Exercise input below:
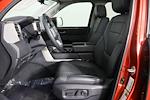2022 Toyota Tundra CrewMax Cab RWD Pickup for sale #63305XP - photo 13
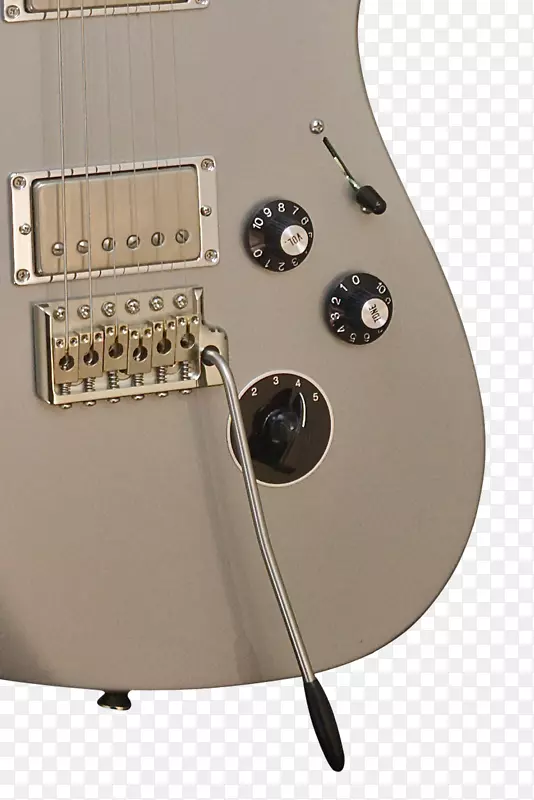 ����������������������������ť-������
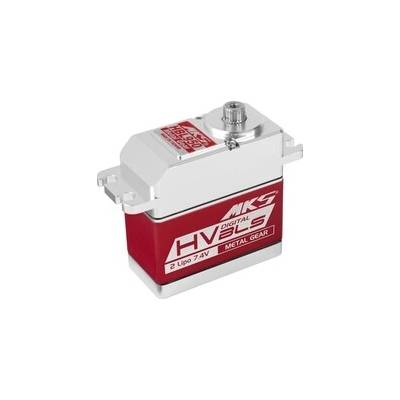 MKS HBL950 0.09s/60° 18.2kg.cm MKS 0005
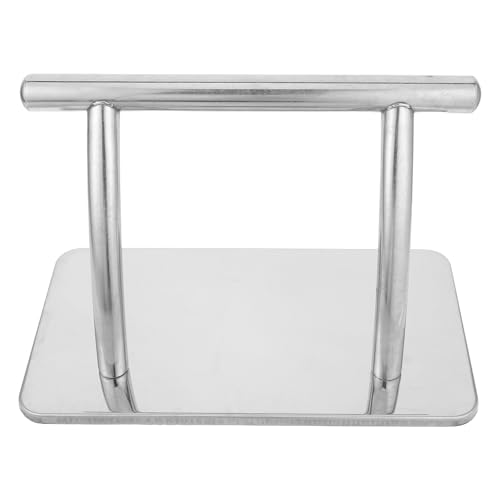 LALADEFIEE T`FAptbgXg ϋv^ jo[TΉ e֎qp[c eo[o[ANZT[ KT|[g݌v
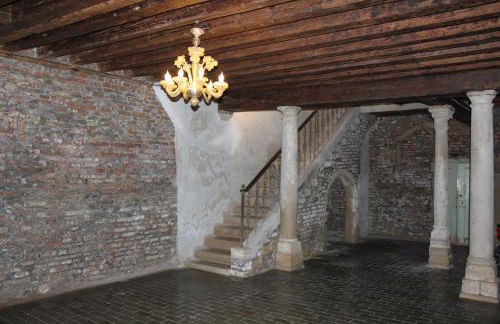 Casa Renata - Foto 5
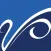 ViewPoint.ca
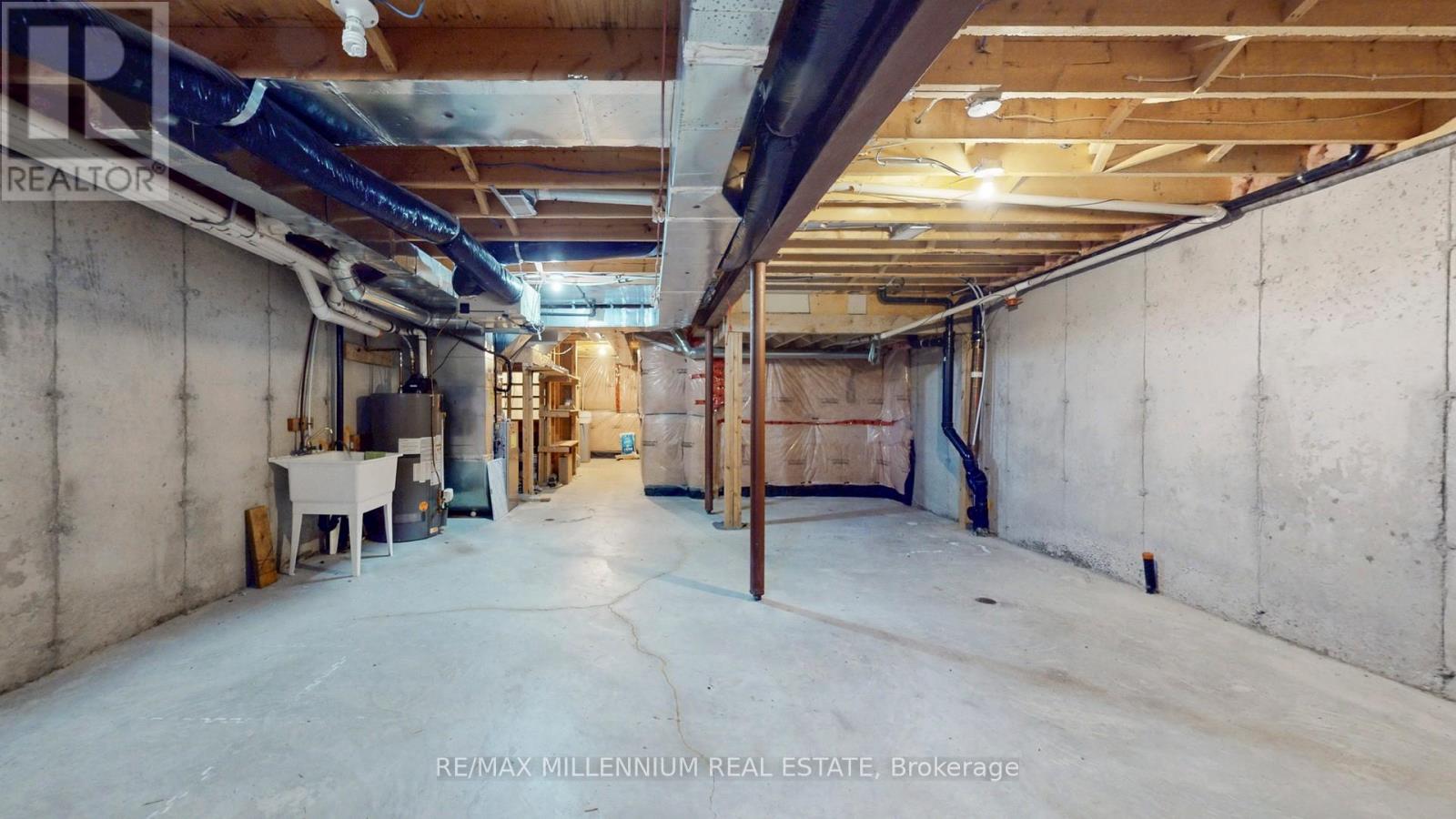 192 Norwich Road, Woolwich, Ontario  N0B 1M0 - Photo 46 - X12725502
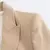 Blazer - Fran Stoinski Boutique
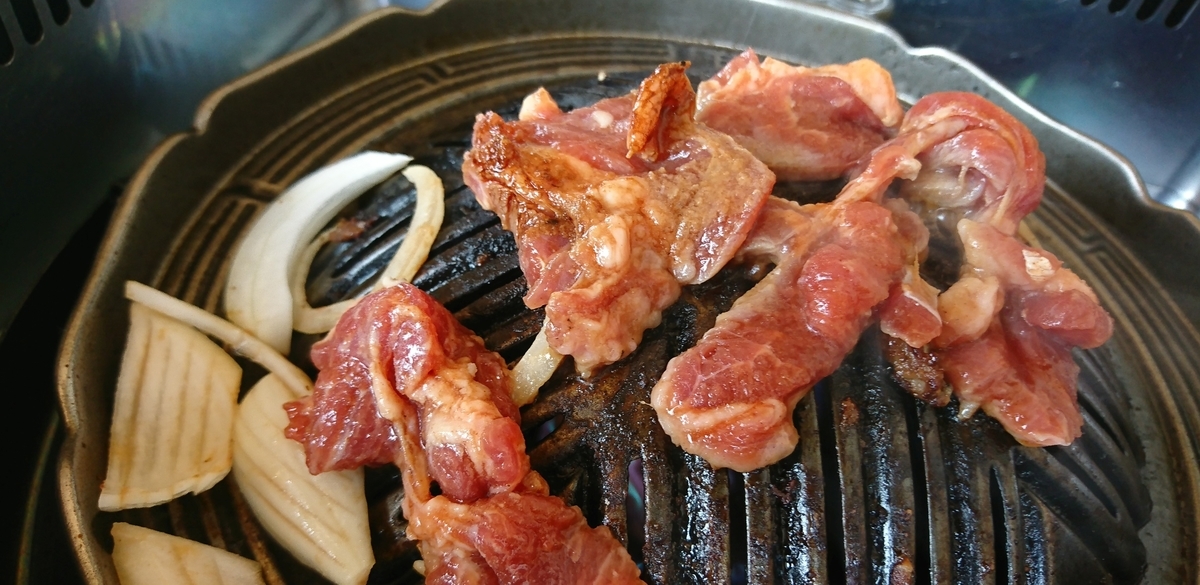 f:id:fishtail2017:20190421001806j:plain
End of Exercise input.
## [Task to carry out]
Would you repeat exactly, and only, the lines from the start of the records above through the line containing "ViewPoint.ca", with the pictures omitted?

## [Written response]
2022 Toyota Tundra CrewMax Cab RWD Pickup for sale #63305XP - photo 13
 ����������������������������ť-������
 MKS HBL950 0.09s/60° 18.2kg.cm MKS 0005
 LALADEFIEE T`FAptbgXg ϋv^ jo[TΉ e֎qp[c eo[o[ANZT[ KT|[g݌v
 Casa Renata - Foto 5
 ViewPoint.ca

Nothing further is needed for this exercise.